EXERCISE GOAL: Given the records underneath, please repeat exactly the lines from the line with "2024 Hyundai IONIQ 5 — photo 14 of 24" through the line with "Khokeng Guest house *", passing over any picture.

DATASET CONTENT:
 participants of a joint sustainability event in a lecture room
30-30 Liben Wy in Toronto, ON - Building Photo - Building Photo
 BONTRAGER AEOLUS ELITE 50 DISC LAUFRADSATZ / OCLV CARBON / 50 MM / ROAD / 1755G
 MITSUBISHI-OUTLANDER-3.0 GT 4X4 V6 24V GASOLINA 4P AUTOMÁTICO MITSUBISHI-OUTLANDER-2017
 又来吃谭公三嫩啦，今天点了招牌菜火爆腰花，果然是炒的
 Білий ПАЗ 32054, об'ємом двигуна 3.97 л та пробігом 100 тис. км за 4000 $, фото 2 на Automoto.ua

--

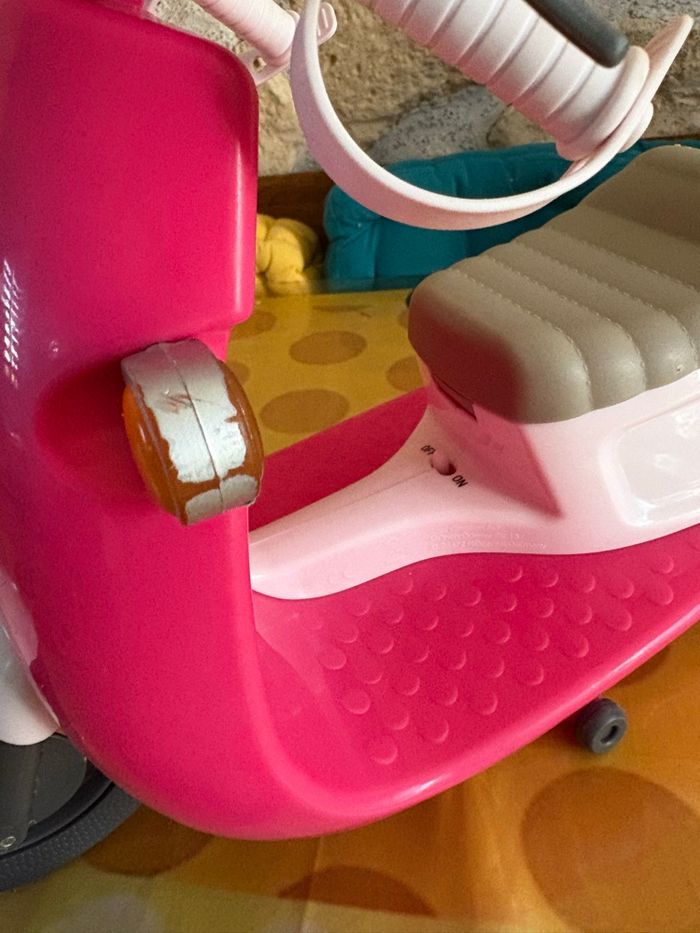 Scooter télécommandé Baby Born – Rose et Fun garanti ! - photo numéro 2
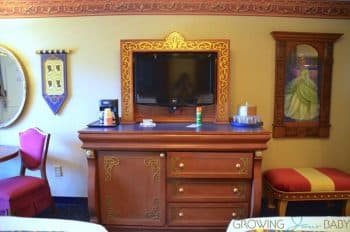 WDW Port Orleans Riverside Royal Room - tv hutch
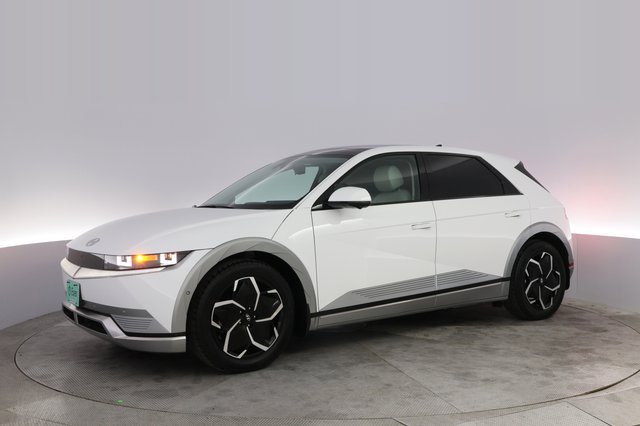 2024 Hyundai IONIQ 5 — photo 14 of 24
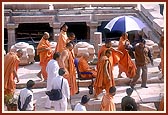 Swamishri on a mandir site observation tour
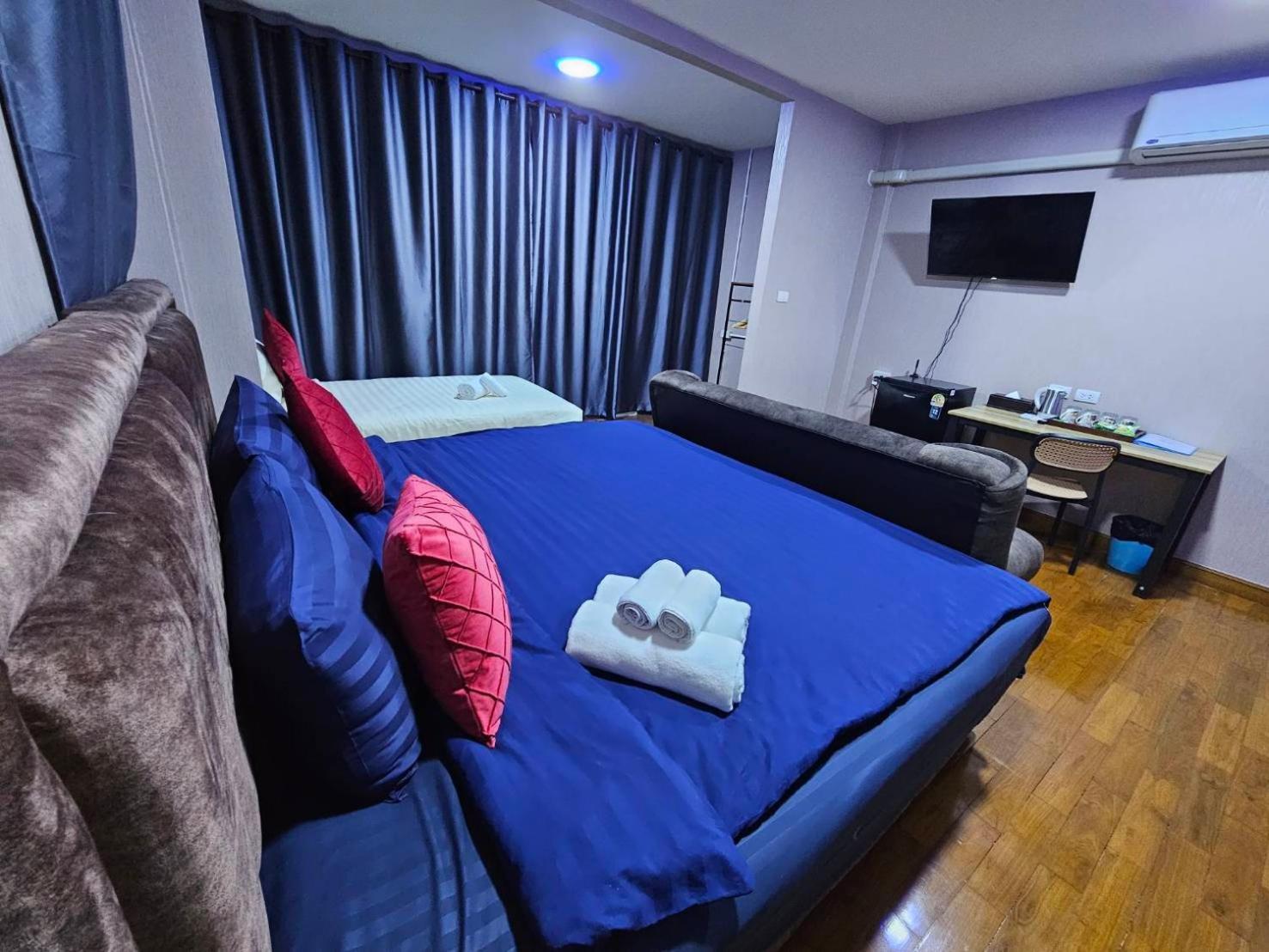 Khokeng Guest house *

--

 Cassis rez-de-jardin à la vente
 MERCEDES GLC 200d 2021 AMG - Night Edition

TASK RESULT:
 2024 Hyundai IONIQ 5 — photo 14 of 24
 Swamishri on a mandir site observation tour
 Khokeng Guest house *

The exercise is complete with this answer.